After their wedding, the couple honeymooned in Italy and visited Rome, Venice, Florence, and Sorento.
Since her honeymoon, Spires said she isn't following as strict of a routine, but is still working out three times per week. She said her support system of family and friends and her husband, Kyle, who is always willing to cook and eat healthy alongside her have helped her lose 75 pounds since the start of the contest and motivate her to stick with her routine.
"It's really a mindset," said Spires. "It's really about changing your lifestyle."
For Kirsten Binder of Schaumburg, the months since Fittest Loser ended have been about maintenance. She's fluctuated up or down five pounds, but for the most part has remained at her finale weight of 173 pounds.
Binder keeps in touch with her trainer Steve Amsden and still works out regularly.
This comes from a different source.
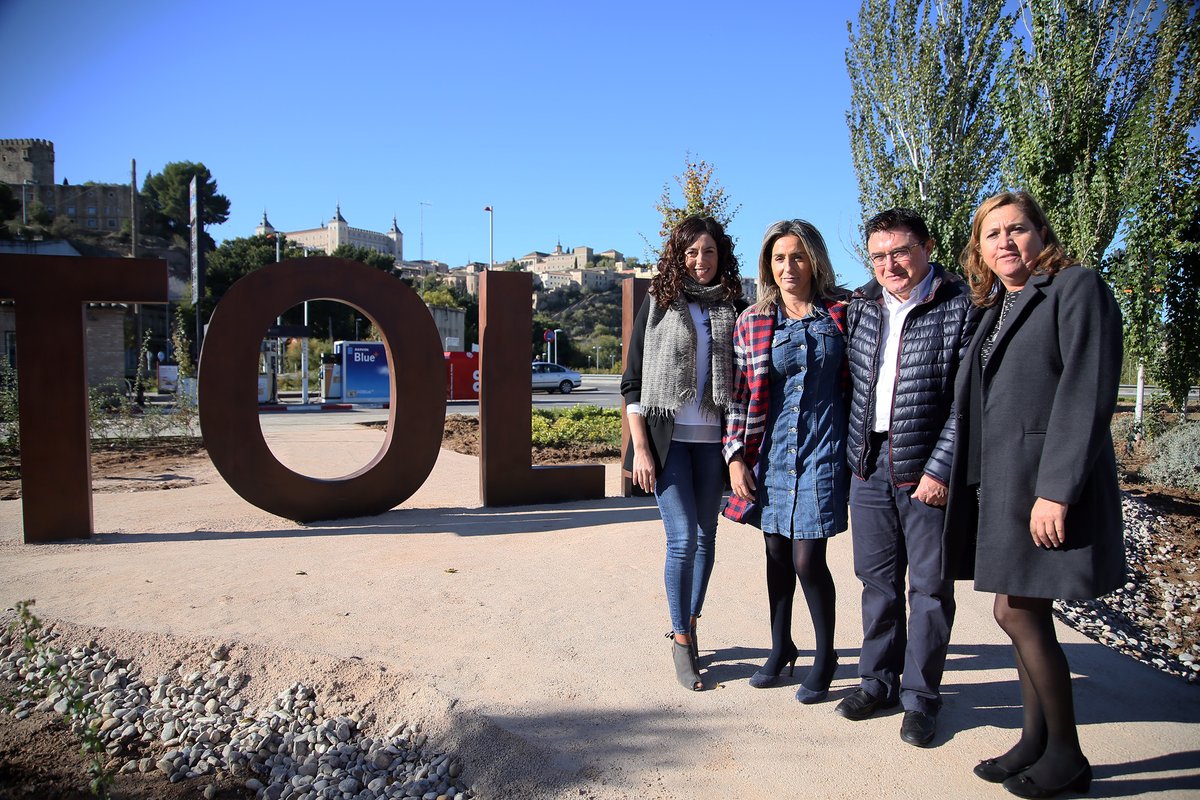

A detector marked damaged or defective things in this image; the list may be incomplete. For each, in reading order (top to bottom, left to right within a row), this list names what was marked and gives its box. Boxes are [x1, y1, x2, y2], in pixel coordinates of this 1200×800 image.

rusted metal letter o [199, 256, 448, 520]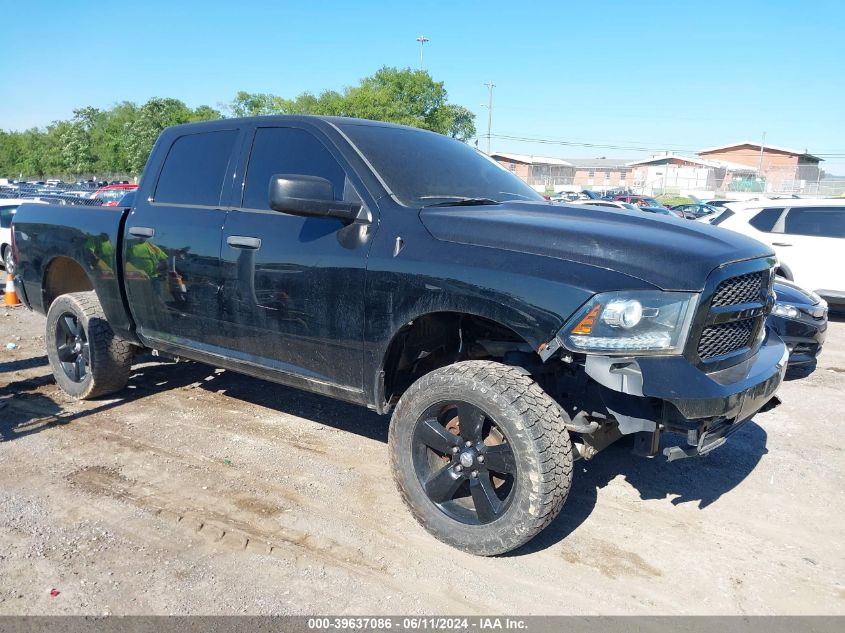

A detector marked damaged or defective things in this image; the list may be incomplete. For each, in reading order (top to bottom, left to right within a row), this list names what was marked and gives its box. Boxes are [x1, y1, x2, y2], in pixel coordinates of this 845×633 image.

damaged front bumper [580, 330, 784, 460]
She weight trains, continues to do HIIT workouts, and bought a pair of boxing gloves so she can continue to box.
Nutrition-wise, Binder said she follows the diet Push created about 75 percent of the time. She'll enjoy the occasional coffee drink or split a bottle of wine with her husband, but less frequently than before.
"I'm cognizant of reducing sugar and keeping my vegetable intake high. Bread is rarely on my plate," Binder said.
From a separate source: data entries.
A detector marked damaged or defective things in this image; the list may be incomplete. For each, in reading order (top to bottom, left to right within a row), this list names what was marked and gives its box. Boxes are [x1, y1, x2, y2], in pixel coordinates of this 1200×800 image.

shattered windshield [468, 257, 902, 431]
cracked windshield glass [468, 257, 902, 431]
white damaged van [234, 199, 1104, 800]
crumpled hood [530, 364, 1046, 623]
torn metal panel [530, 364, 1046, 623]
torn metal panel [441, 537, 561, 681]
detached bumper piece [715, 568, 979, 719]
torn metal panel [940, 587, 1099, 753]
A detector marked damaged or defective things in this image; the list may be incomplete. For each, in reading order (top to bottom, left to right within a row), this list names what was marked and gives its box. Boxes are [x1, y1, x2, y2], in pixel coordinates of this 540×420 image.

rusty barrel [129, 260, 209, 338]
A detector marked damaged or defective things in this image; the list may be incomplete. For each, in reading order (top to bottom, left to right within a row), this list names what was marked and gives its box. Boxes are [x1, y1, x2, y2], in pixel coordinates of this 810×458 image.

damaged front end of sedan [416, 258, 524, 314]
For Binder, it's been easy to maintain her routine, The tough part has been balancing feeling good about and comfortable with the weight she's at with creating new fitness goals for herself. If Binder ever feels like she is slipping off track she reminds herself that she can do anything for a limited period.
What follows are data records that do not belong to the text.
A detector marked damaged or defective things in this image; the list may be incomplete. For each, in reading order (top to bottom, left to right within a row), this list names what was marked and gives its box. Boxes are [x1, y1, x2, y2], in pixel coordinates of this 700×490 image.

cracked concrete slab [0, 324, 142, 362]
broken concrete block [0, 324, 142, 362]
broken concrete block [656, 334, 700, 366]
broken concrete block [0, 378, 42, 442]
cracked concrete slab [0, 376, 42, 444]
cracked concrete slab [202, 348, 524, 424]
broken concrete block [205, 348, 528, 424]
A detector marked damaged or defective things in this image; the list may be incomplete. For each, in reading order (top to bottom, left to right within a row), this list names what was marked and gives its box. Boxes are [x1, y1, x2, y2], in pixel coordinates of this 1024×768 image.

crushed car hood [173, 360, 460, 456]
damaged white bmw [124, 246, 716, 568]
"I re-establish short-term goals, like working out two times per week," she said.
Binder carries many lessons from Fittest Loser with her and enjoys sharing what she learned with others. Over the summer she presented "10 Things I Learned from the Fittest Loser" through the Schaumburg Business Association.
"Of all the things I gained from the contest, the weight loss doesn't even crack the top 10," Binder said.
Advice from contestants
The 2018 contestants remain close. They continue to check in with and support one another through group texts and emails.
Three months after the Fittest Loser wrapped, the group and their trainers dined together at Cooper's Hawk to reconnect and reflect on the challenge. They said the contest isn't easy, but the friendships made and the results are worth it.
The former contestants advise those selected for 2019 to give it everything they've got during the workouts, to candidly share their experience with others throughout the challenge, and to be willing to make a commitment not only to the contest, but to permanently change their lifestyle.
"You have to think not in terms of how can I win the contest, but am I willing to make the commitment to make lifelong changes," said Lowry said.
The Daily Herald is accepting applications now for the 2019 Fittest Loser Challenge. The deadline to apply is Jan. 11, 2019, with finalists being selected the week of Jan. 14. The challenge officially gets underway on Feb. 15 and runs through the final weigh-in on May 11.
For 2019, the Daily Herald's focus for the Fittest Loser Challenge is on the impact that obesity has on health. The newspaper is searching for participants whose health has been seriously impacted by their weight.
Obesity can have a devastating impact on a person's health and contribute to several conditions including heart disease, stroke, high blood pressure, and Type 2 diabetes. said Eileen Brown, vice president/director of marketing and strategic innovation at the Daily Herald. The paper wants to give those whose health has been negatively affected a chance to take control of and improve their own well-being, Brown added.
All are encouraged to apply, but Brown and former contestants note that a commitment to following the program developed by Push and the desire to make lifelong changes are keys to completely the challenge successfully.
"This competition is not easy. Every year, we look for applicants who are seriously ready to make changes. It takes a commitment of time and energy," Brown said.